You’re loud. Louder than you’ve ever been before. 
“God—so hot, think I’m gonna cum soon--“ his voice is strained as he fixes his gaze on his cock as it slides in and out of you. He’s holding your legs apart by the ankle, spreading you out in the way he seeks fit. 
You’re not prepared for when he suddenly pressed downwards, folding you in two as he continues his hard thrusts. The couch is shaking as you moan his name out, over and over, the power behind each thrust is harder than the last. 
His rhythm is getting sloppier, you can feel his cock twitching inside you that you know he’s close. What’s his next move--? Will he come inside you? Or pull out and cum on your face? He seems like the type to enjoy facials. 
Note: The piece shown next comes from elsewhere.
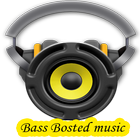 BassBosted Music Trap icon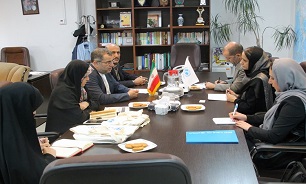 سازمان&zwnj;های بین&zwnj;المللی می&zwnj;توانند چهره خوب از ایران در انظار جهانی ترسیم کنند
“S-sanzu--“ you whimper when he looks down at you, “cum on me… please.” You don’t care where at this point--as long as it’s not inside. You’re not ready for that yet.
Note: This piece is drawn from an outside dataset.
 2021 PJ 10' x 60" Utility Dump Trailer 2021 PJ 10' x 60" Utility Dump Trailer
“Fuck,” he grunts, throwing his head back and repositioning his hips to slam harder into you. You grip onto the nearest cushion, grip so tight you swear you can rip the fabric off if you tried hard enough. “That’s it—cum around my cock, sexy.”
You can’t help it, body spazzing violently as you hide your face with the cushion, muffling out your moans as you cum on his cock. 
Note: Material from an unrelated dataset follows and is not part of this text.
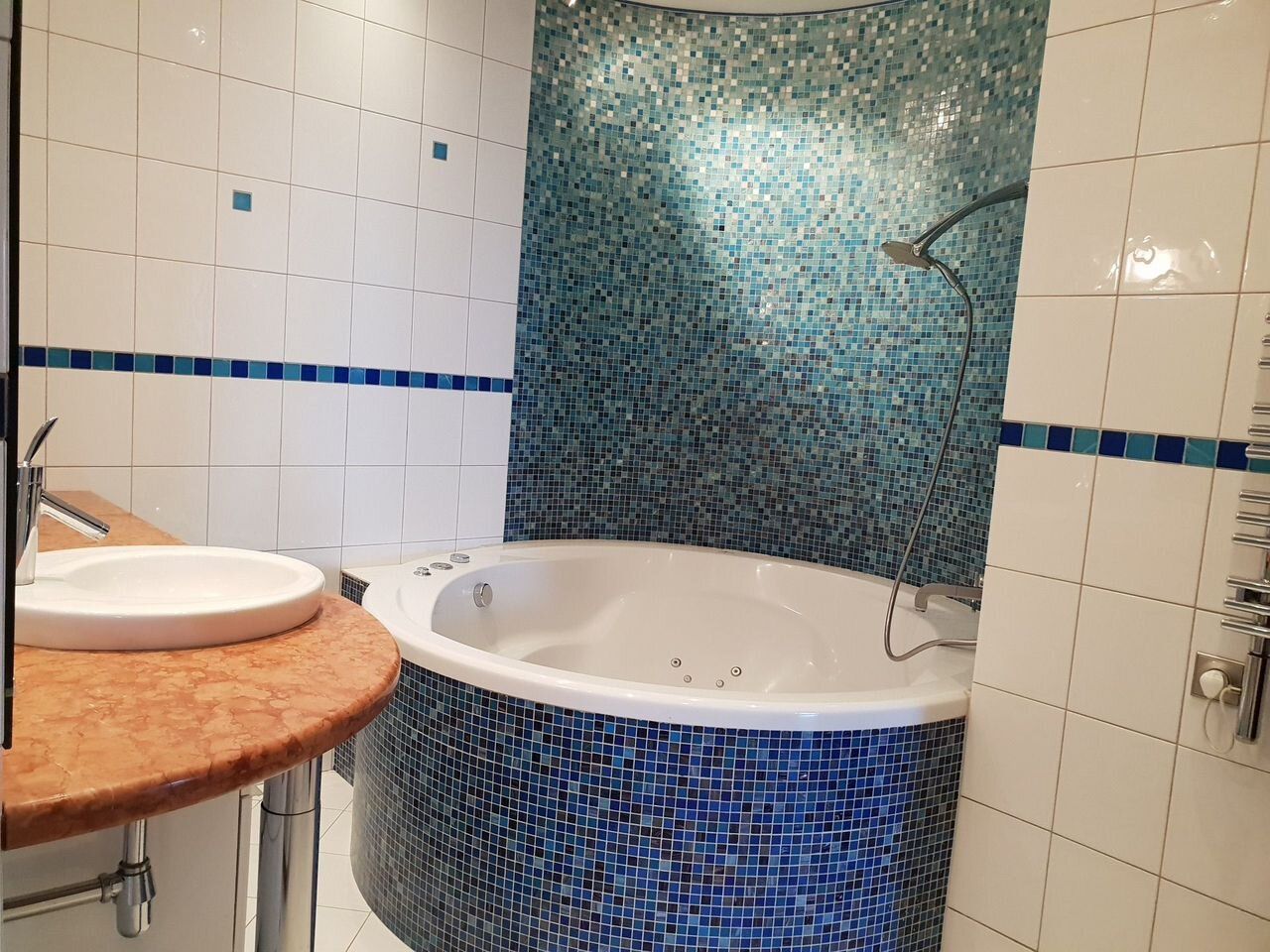 3-комнатная квартира, 120 м² — фото 8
His movements still and he’s quick to pull out of you, ripping the condom off and tossing it somewhere across the room. His hands are fast, jerking himself off before he throws his head back, moaning quite loudly as he splashes ropes of cum on your chest, aiming for your nipples but some lands on your stomach. 
“Oh my god.” He watches with wide eyes and heavy breaths as you dip your fingers onto the pool of cum on your chest, scooping some up with two fingers, stuffing them into your mouth, moaning obscenely around your fingers as you suck the residue off.
“Next time,” you take another scoop, but instead of eating it, you play with it, stretching your fingers far apart to see how far it stretches before it eventually snaps, “next time cum inside me.”
“Next time?” He leans forward to kiss you, groaning a bit at the salty taste of his cum, but it fades away with the way you’re licking into his mouth. You hum and nod into the kiss, fingers sliding behind his back to leave scratch marks that have him shuddering.
 You break the kiss to bite at his bottom lip, “Yeah, next time.”
Sanzu thought this would be a one time thing—hit and dip—as the old saying goes. But seeing you there, looking up at him so deviously—he doesn’t think he can fuck another woman that’s not you again.